We must now return to him in the summer of 1642. A special charge, given to him by the King, was the Bishopric of Durham. In that diocese were many sympathisers with the Parliament, and among such were not a few of the clergy. Now Newcastle knew the Dean to be thoroughly loyal to the King; so he issued an order that no sermon was to be preached in the diocese until it had been written out and submitted to the Dean; and he ordered the Dean not only to strike out anything which he might consider savouring of disaffection, but also to put in expressions of devoted loyalty to the sovereign, wherever such sentiments were wanting. Besides this he empowered the Dean to punish any of the clergy who might be in the least contumacious about the matter. We have the Duchess’s authority for this statement.

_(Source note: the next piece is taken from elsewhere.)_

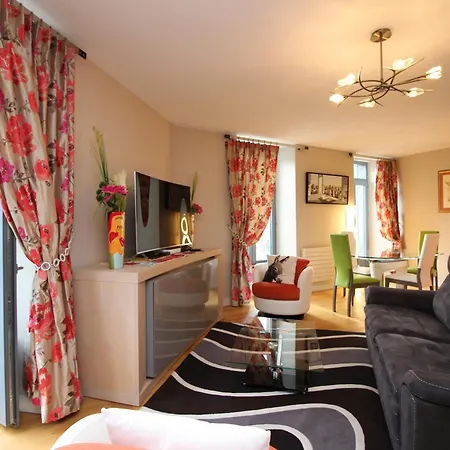 T3 4 Pers, Centre La Bourboule, Parking, Wifi, Chien Admis - Fr-1-608-293 라루브불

In spite of the carefully doctored sermons, the Duchess tells us that “there happened a great mutiny of the Trainband Souldiers of the Bishoprick at Durham, so that my Lord was forced to remove thither in Person, attended with some forces to appease them; where at his arrival (I mention it by the way, and as a merry passage) a jovial Fellow used this expression, That he liked my Lord very well, but not his Company (meaning his Soldiers)”.
Then Newcastle set resolutely to work to raise an army. It would be interesting to know with what weapons he armed it. The artillery of the time was provided with very elementary guns; and the muskets, harquebuses (carbines), and petronels (heavy pistols), all left much to be desired. Pikes were then an all-important weapon; but pikemen required almost more drill and training than did any other soldiers, and it is doubtful how soon those in Newcastle’s hastily recruited army could have been of any effective service; but, at any rate, they could hardly be less experienced in military affairs than was their commander-in-chief.
Scythes, fastened to the ends of poles, we know to have been used in the seventeenth century by the defenders of fortresses, for hooking off soldiers attempting to scale the walls and for upsetting scaling-ladders. Most tempting tools to use, one would imagine. Bows and arrows were certainly carried by the Scottish army which crossed the English border, as described in an earlier chapter, and Grose (vol. II, p. 272) says that one of their uses was “to gall or astoyne the enemye with the hailshot of light arrows, before they have come within danger of the harquebuss shot”.
The Duchess says that the King of Denmark sent a ship containing arms and ammunition to Newcastle, and that, among the weapons, were “Danish clubs”. In our twentieth century superiority, we may look down with contempt upon clubs; but, in a hand-to-hand fight, heavy clubs might be weapons to which considerable respect would be due, if swung by the arms of able-bodied warriors upon the skulls of their enemies.
It was another person’s opinion that Newcastle had even more than a sufficient supply of arms and ammunition, and that he was acting the part of the dog in the manger.
“Sir Marmaduke Langdale to Sir William Savile.[44]
“1642, Nov. 9th, Newcastle.—(My Lord of Newcastle) hath plenty of arms and ammunitions, far more than he can tell what to do withal, in so much as he must be forced to have a greater guard than he intended for the safety thereof, yet I know he will not spare you either arms or ammunition.”